Judge Thomas C. Wheeler of the U.S. Federal Court of Claims has issued a decision in one of the most watched cases directly tied with the government response to the 2008 financial crisis. In Starr International Company, Inc. v. The United States, Starr International challenged the bailout of AIG in which the federal government took shareholder equity and management control. Prior to the crisis, Starr (whose controlling shareholder is former AIG executive Hank Greenberg) was a major shareholder in AIG. The resulting bailout considerably diminished the value of other shareholders’ holdings, and they sued.
Specifically, the court considered two issues:
- Whether the Federal Reserve Bank of New York possessed the legal authority to acquire a borrower’s equity when making a loan under Section 13(3) of the Federal Reserve Act, 12 U.S.C. § 343 (2006); and
- Whether there could legally be a taking without just compensation of AIG’s equity under the Fifth Amendment where AIG’s Board of Directors voted on September 16, 2008 to accept the Government’s proposed terms.
If Starr won on either question, the court would need to determine damages to the shareholders.
The 37-day trial contained a number of high profile witnesses including former Treasury Secretary Henry Paulson and former Treasury Secretary and New York Federal Reserve Bank President Timothy Geithner.
In its analysis, the court made some key findings. As to question 1, the court held for Starr. The court’s rationale is very blunt about the government’s actions in this matter.
The weight of the evidence demonstrates that the Government treated AIG much more harshly than other institutions in need of financial assistance. In September 2008, AIG’s international insurance subsidiaries were thriving and profitable, but its Financial Products Division experienced a severe liquidity shortage due to the collapse of the housing market. Other major institutions . . . encountered similar liquidity shortages. Thus, while the Government publicly singled out AIG as the poster child for causing the September 2008 economic crisis, the evidence supports a conclusion that AIG actually was less responsible for the crisis than other major institutions.
Many entities engaged in these [credit default swap] transactions, not just AIG. The Government’s justification for taking control of AIG’s ownership and running its business operations appears to have been entirely misplaced. The Government did not demand shareholder equity, high interest rates, or voting control of any entity except AIG. Indeed, with the exception of AIG, the Government has never demanded equity ownership from a borrower in the 75-year history of Section 13(3) of the Federal Reserve Act.
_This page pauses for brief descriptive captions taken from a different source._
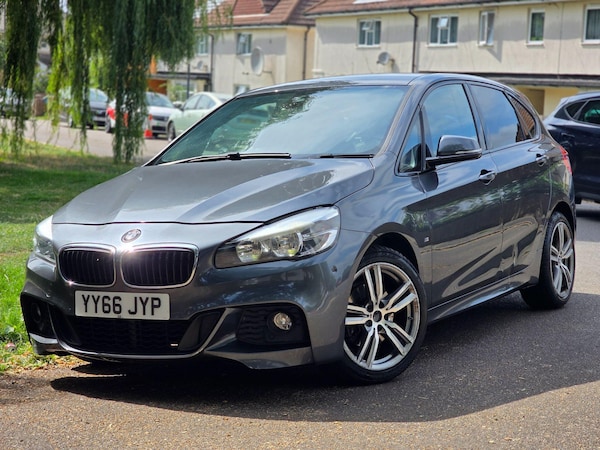 Used BMW 2 Series Active Tourer 2016 for sale - 75646394: Photo 29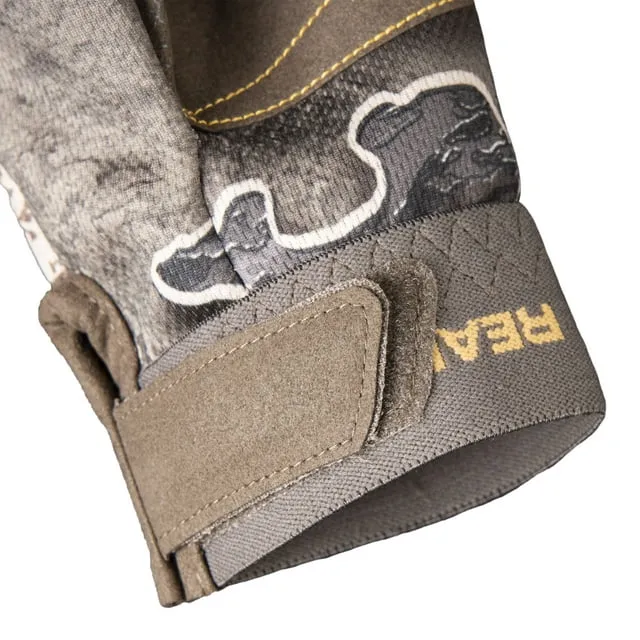 Men's Utility Hunting Touchscreen Gloves ZB086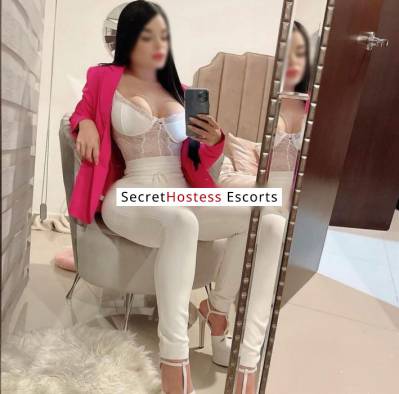 24 Year Old Mexican Escort Toronto - Image 3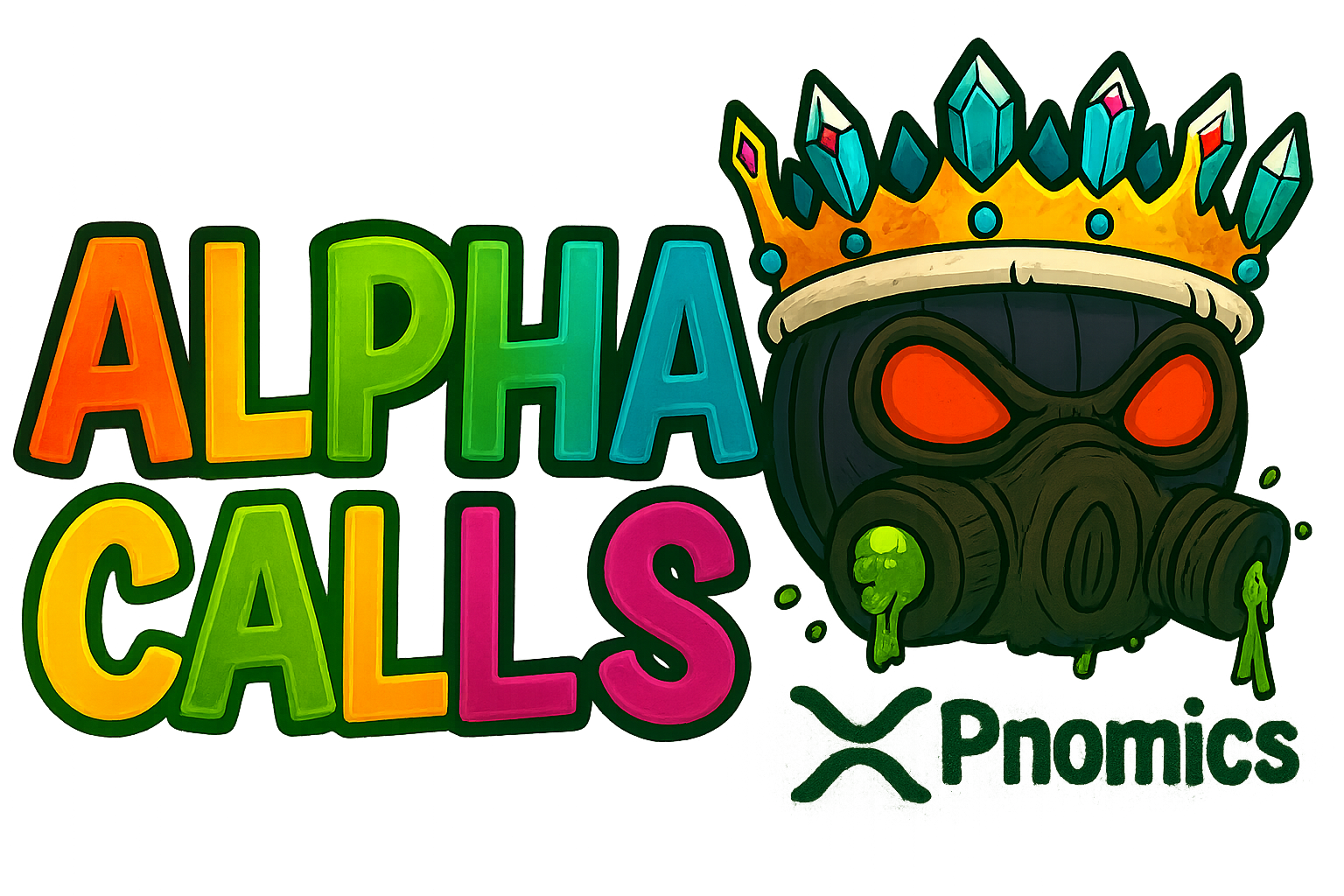 ALPHA CALLS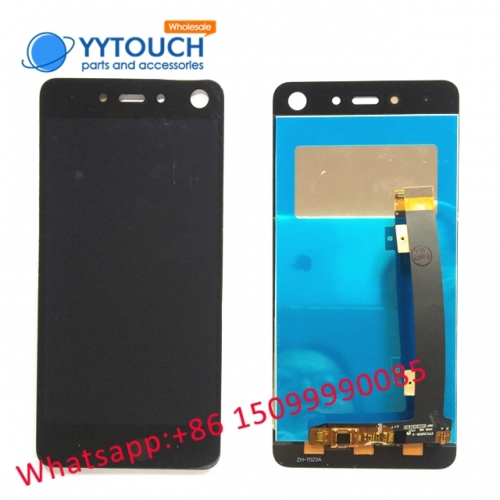 For infinix S2 Pro X522 lcd screen complete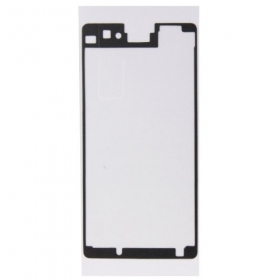 Sony Xperia Z1 Compact D5503 adesivo de tela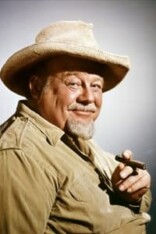 Burl Ives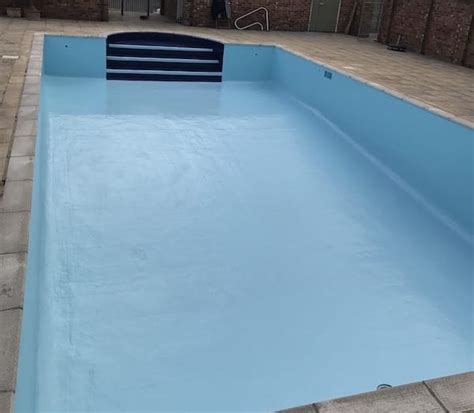 Fibreglass Swimming Pool Lining Specialist Lining Services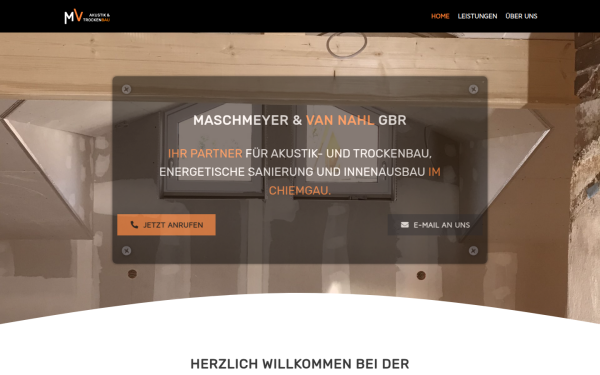 mv-trockenbau.bayern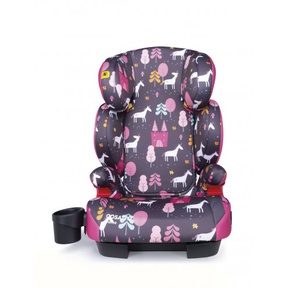 Автокресло Cosatto SUMO ISOFIX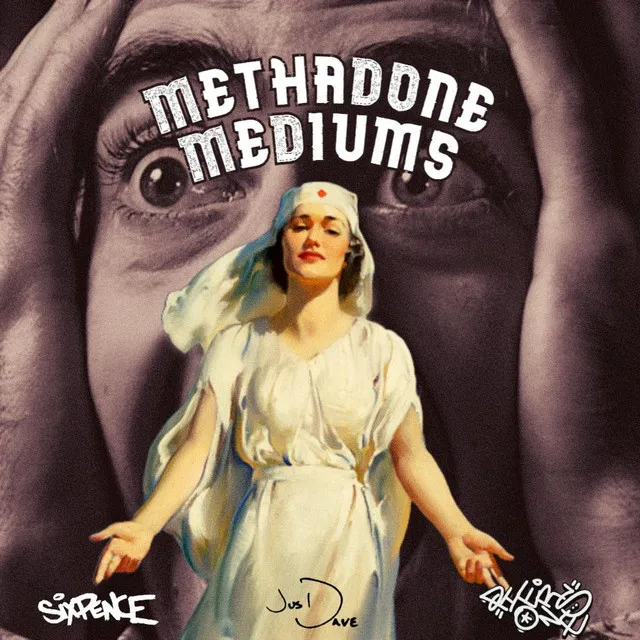 METHADONE MEDIUMS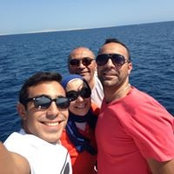 Mohamed Nabil's photo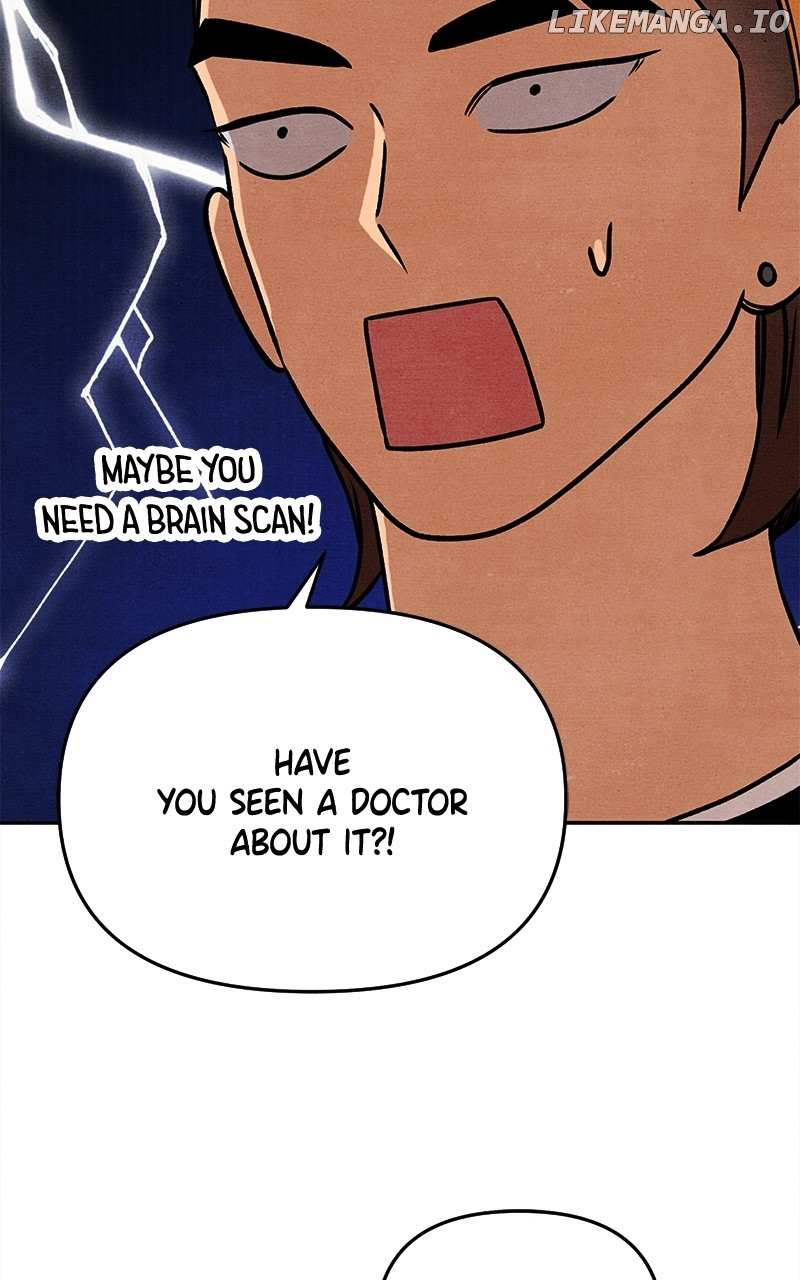 Read Who's That Long-Haired Senior RSS Feed Manga Online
Furthermore, the court noted that the Government realized a “significant benefit in nationalizing AIG.” The takeover resulted in a “profit of $22.7 billion to the U.S. Treasury.” “AIG’s benefit was to avoid bankruptcy, and to ‘live to fight another day.’” Finally, the court noted that there is nothing in Federal law that would permit the Federal Reserve Bank to take over a private corporation and run it as if the Government was the owner. Based on that rationale, the court found in favor of Starr in the illegal extraction claim. However, under that theory, the court also held that because the government’s activities were illegal, there can be no Fifth Amendment claim.
As to damages, the court noted that Federal Circuit precedent required Starr to show economic loss. The court then stated that “[t]he analysis here leads to the conclusion that, if the Government had done nothing to rescue AIG, the company would have gone bankrupt, and the shareholders’ equity interest would have been worthless.” As such, the court awarded no damages.
The holding on liability presents some interesting questions about possible tools that the U.S. Government can employ in the event of another financial crisis. Starr has appealed the damages ruling to the United States Court of Appeals for the Federal Circuit.